• **PROVIDED DATA**
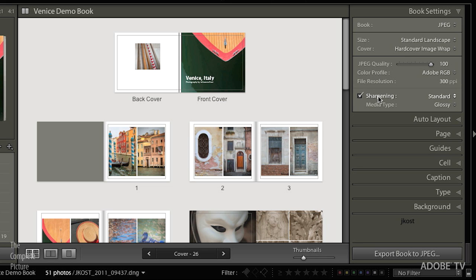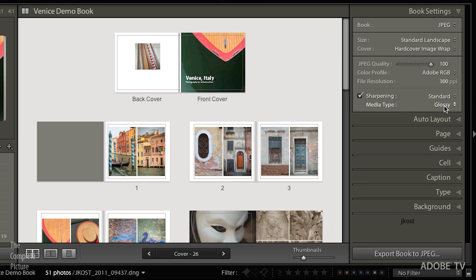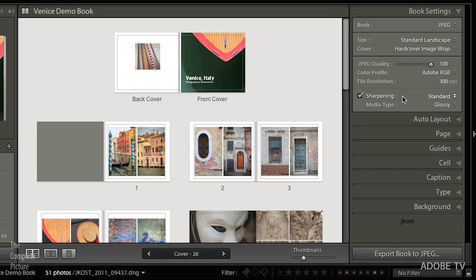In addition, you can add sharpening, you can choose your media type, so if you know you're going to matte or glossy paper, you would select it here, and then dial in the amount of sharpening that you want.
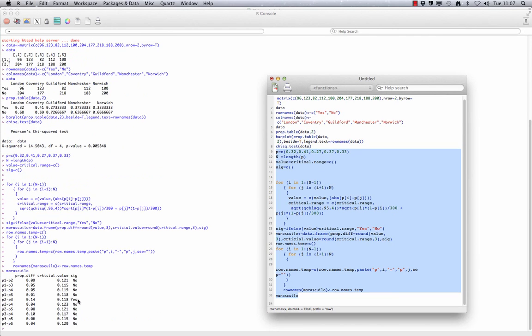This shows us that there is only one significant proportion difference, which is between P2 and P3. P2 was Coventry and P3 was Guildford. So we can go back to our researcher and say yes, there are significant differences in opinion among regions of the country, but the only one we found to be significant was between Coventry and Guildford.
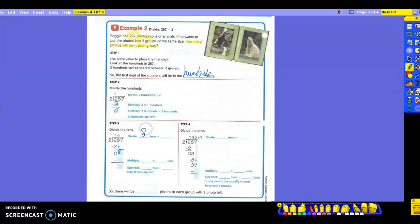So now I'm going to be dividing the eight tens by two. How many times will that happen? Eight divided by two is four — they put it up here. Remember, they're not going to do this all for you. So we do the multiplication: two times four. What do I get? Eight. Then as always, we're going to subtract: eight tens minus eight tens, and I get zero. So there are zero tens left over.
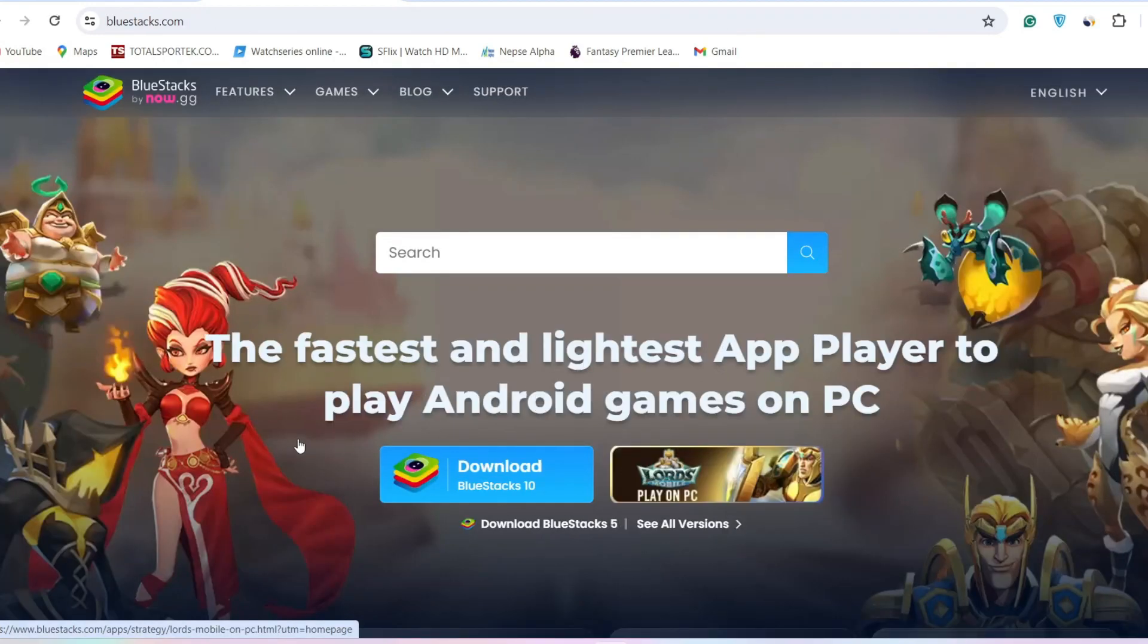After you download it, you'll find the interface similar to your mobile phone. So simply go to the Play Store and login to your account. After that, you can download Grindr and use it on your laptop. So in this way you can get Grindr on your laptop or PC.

• **EXERCISE INSTRUCTIONS**
Repeat the data in full and exactly. Omit pictures.

• **RESULT FOR THIS TASK**
In addition, you can add sharpening, you can choose your media type, so if you know you're going to matte or glossy paper, you would select it here, and then dial in the amount of sharpening that you want.
This shows us that there is only one significant proportion difference, which is between P2 and P3. P2 was Coventry and P3 was Guildford. So we can go back to our researcher and say yes, there are significant differences in opinion among regions of the country, but the only one we found to be significant was between Coventry and Guildford.
So now I'm going to be dividing the eight tens by two. How many times will that happen? Eight divided by two is four — they put it up here. Remember, they're not going to do this all for you. So we do the multiplication: two times four. What do I get? Eight. Then as always, we're going to subtract: eight tens minus eight tens, and I get zero. So there are zero tens left over.
After you download it, you'll find the interface similar to your mobile phone. So simply go to the Play Store and login to your account. After that, you can download Grindr and use it on your laptop. So in this way you can get Grindr on your laptop or PC.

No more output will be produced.